If $n$ is even, then a straightforward "mimicry algorithm" lets Bob win. If $n$ is odd then consider that in order for a player to lose, they must be forced to create a losing bridge (only) in an "unfortunate configuration," which specifically is a partition of the bridge graph into two connected graphs so that there is one factory in each of the connected components. The number of edges in such a configuration is $\binom{k}{2}+\binom{n-k}{2}=\binom{n}{2}+k(n-k)\equiv_2 \tbinom{n}{2}$. Thus is $n\equiv 1\pmod{4}$, Bob will always be able to make a move without losing, and if $n\equiv 3\pmod{4}$, Alice will always be able to make a move without losing. Thus Alice has a winning strategy if $n\equiv 3\pmod{4}$, and Bob has a winning strategy otherwise.

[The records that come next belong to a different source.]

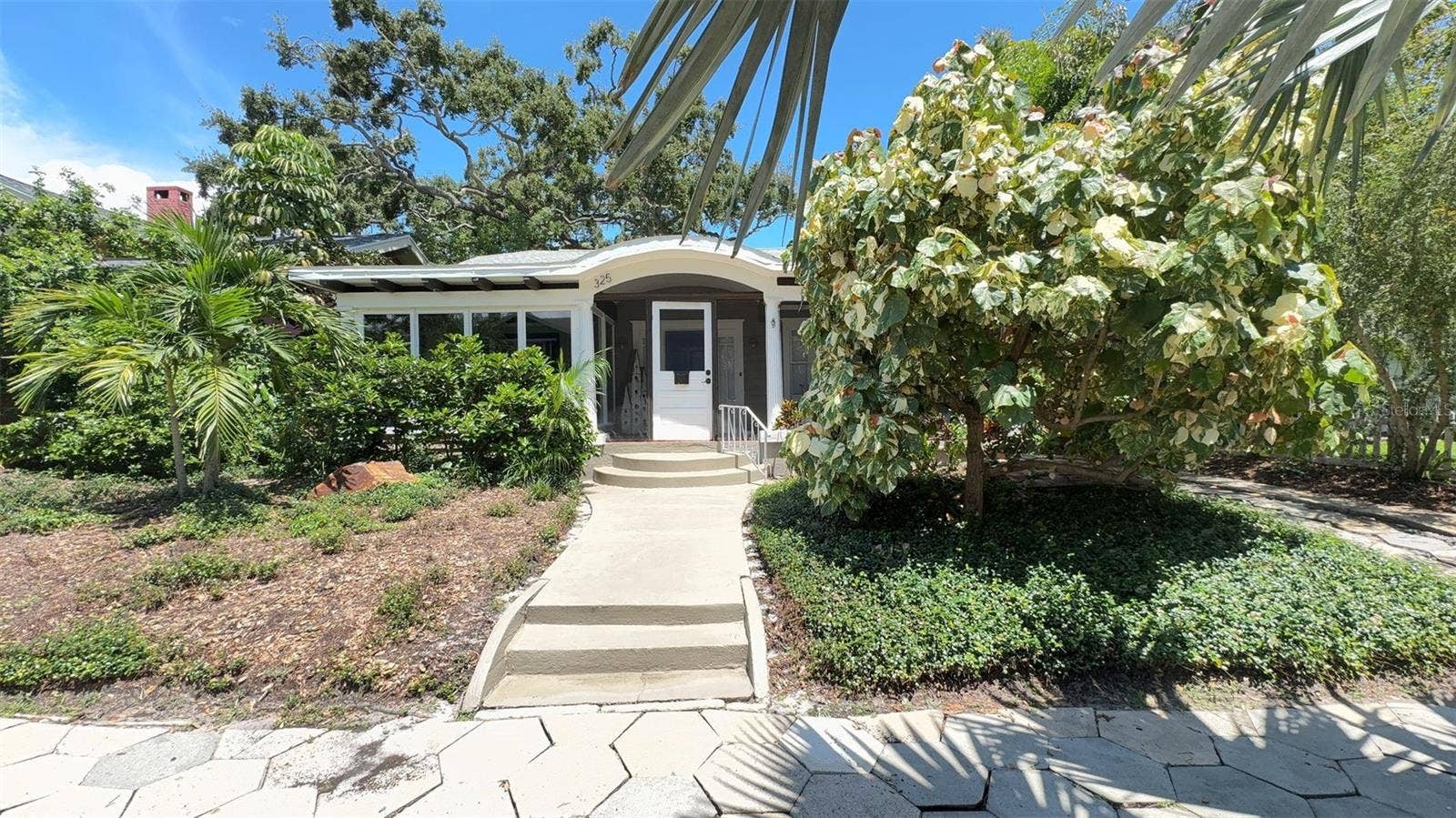 325 16TH AVENUE NE, St Petersburg, FL 33704 325 16TH AVENUE NE, St Petersburg, FL 33704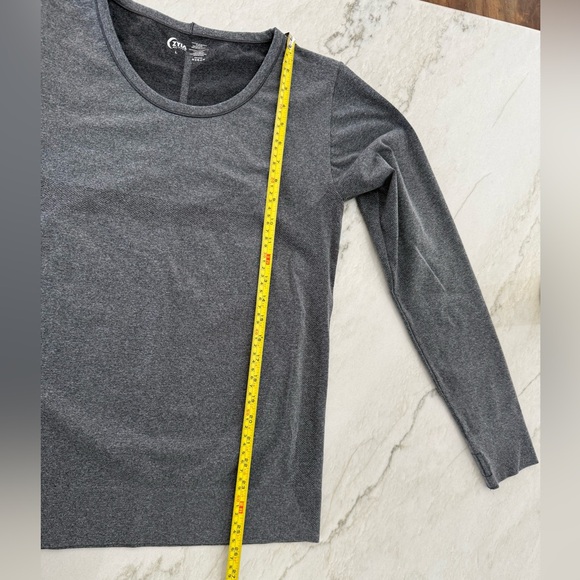 Zyia gray active long sleeve - Picture 6 of 7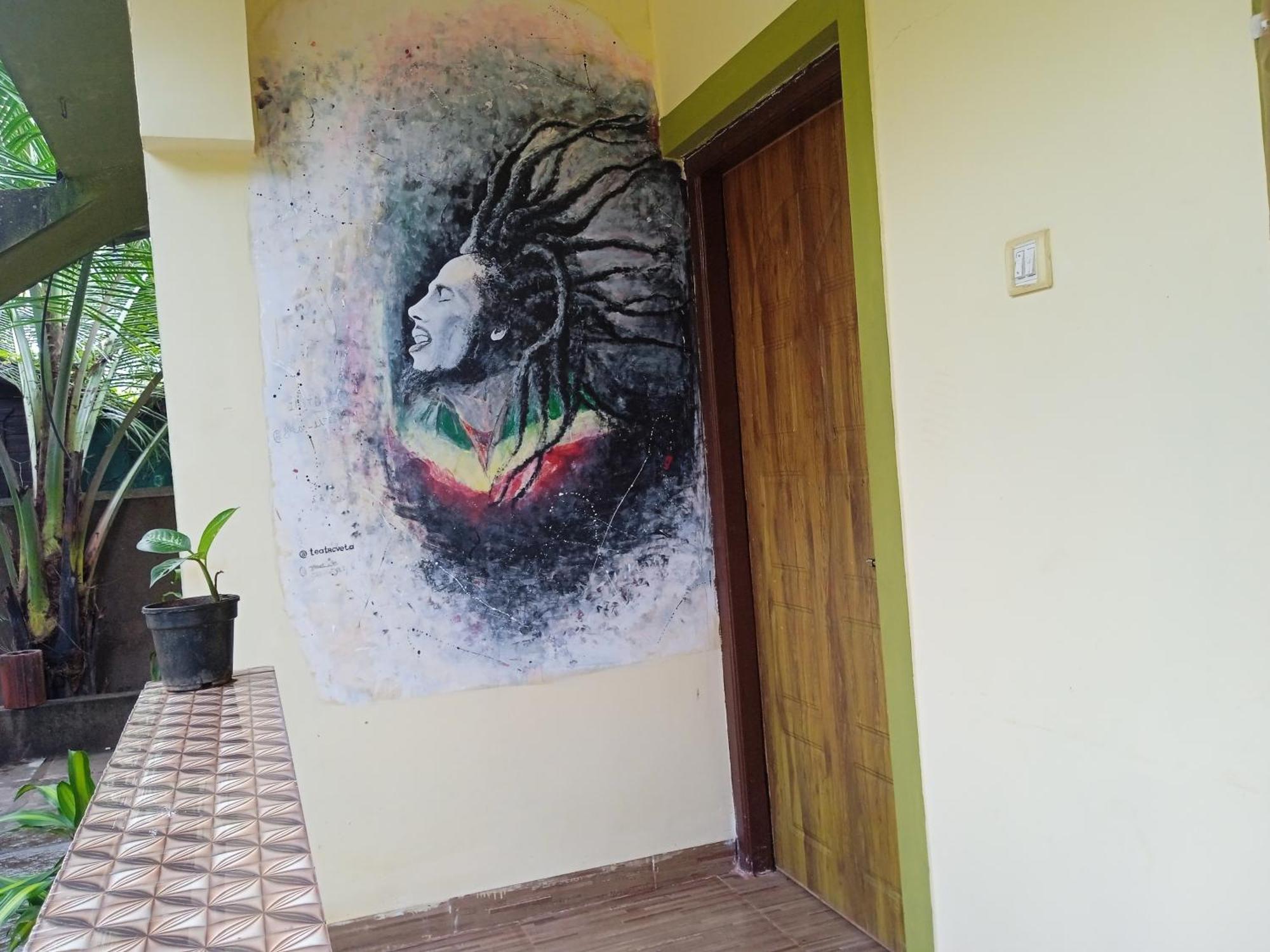 One Love Guest House Morjim Exterior photo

I claim that Alice wins when $n \equiv 3 \pmod 4$, and Bob wins otherwise. We will prove this by considering the value of $n \pmod 4$. Let this problem be represented by a graph, where the islands are vertices and the bridges by edges. The factories are any 2 islands. It suffices to determine the person who will be forced to make the graph connected. If $n$ is even, Bob can copy Alice's move using the other factory. Since there are an even number of vertices, it is possible to divide the vertices into two groups of $n/2$ vertices such that Alice makes the complete graph of one group and Bob makes the complete graph of the other group of vertices. Then, Alice will be forced to draw an edge that makes the graph complete, meaning Bob wins. Claim: $\binom{x}{2}+\binom{y}{2}$ is odd when $x+y \equiv 3 \pmod 4$ and $\binom{x}{2}+\binom{y}{2}$ is even when $x+y \equiv 1 \pmod 4.$ Proof: First consider when $x+y \equiv 3 \pmod 4$. We can let $x>y$. Then either $x \equiv 1 \pmod 4, y \equiv 2 \pmod 4$ OR $x \equiv 3 \pmod 4, y\equiv 0 \pmod 4$. In the case $x \equiv 1 \pmod 4, y \equiv 2 \pmod 4$, $\binom{x}{2}$ is even and $\binom{y}{2}$ is odd, so $\binom{x}{2}+\binom{y}{2}$ is odd. In the case $x \equiv 3 \pmod 4, y\equiv 0 \pmod 4$, $\binom{x}{2}$ is odd and $\binom{y}{2}$ is even, so $\binom{x}{2}+\binom{y}{2}$ is odd. Either way, $\binom{x}{2}+\binom{y}{2}$ is odd. The proof is analogous for proving that $\binom{x}{2}+\binom{y}{2}$ is even when $x+y \equiv 1 \pmod 4.$ Just note that either $x \equiv 1 \pmod 4, y \equiv 0 \pmod 4$ OR $x\equiv 3 \pmod 4, y\equiv 2 \pmod 4$. In both cases, you get that $\binom{x}{2}+\binom{y}{2}$ is even. Note that we can define $\binom{1}{2}=0$ so that the value of $\binom{1}{2}=0$ is consistent with the other values of $1 \pmod 4$. Now consider when $n\equiv 1 \pmod 4$. The loosing move must be an edge that joins two complete graphs, where each complete graph has one factory as a vertex. Since a complete graph on $k$ vertices has $\binom{k}{2}$ edges, by the claim, no matter how the two complete graphs are created, the sum of the edges of both complete graphs must be even. Hence, Alice must be the one that makes a move that makes the graph connected, and Bob wins. Similarly, if $n\equiv 1 \pmod 4$, the sum of the edges of both complete graphs must be odd. Hence, Bob must be the one that makes the graph connected, and Alice wins. We've exhausted all cases, so Alice wins when $n \equiv 3 \pmod 4$, and Bob wins otherwise.